◆ **What you will do**:
Where a line holds the word "Orange", copy that line from the data below.

◆ **Records for processing**:
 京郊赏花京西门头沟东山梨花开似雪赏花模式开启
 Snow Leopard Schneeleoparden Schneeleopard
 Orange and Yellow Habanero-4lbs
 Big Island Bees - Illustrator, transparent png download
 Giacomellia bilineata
--
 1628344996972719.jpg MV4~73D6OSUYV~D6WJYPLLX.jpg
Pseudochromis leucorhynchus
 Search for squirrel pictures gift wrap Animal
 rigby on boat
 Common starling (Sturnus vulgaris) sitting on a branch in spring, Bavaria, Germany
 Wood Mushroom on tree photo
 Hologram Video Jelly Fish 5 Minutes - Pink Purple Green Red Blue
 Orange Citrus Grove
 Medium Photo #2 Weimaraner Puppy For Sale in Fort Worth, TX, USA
==
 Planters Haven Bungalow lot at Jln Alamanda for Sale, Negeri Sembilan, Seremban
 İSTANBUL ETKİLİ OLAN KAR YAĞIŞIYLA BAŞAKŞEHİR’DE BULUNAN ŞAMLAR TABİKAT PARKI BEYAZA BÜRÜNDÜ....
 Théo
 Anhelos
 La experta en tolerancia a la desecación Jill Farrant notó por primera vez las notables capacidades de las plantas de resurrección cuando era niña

◆ **Output**:
 Orange and Yellow Habanero-4lbs
 Orange Citrus Grove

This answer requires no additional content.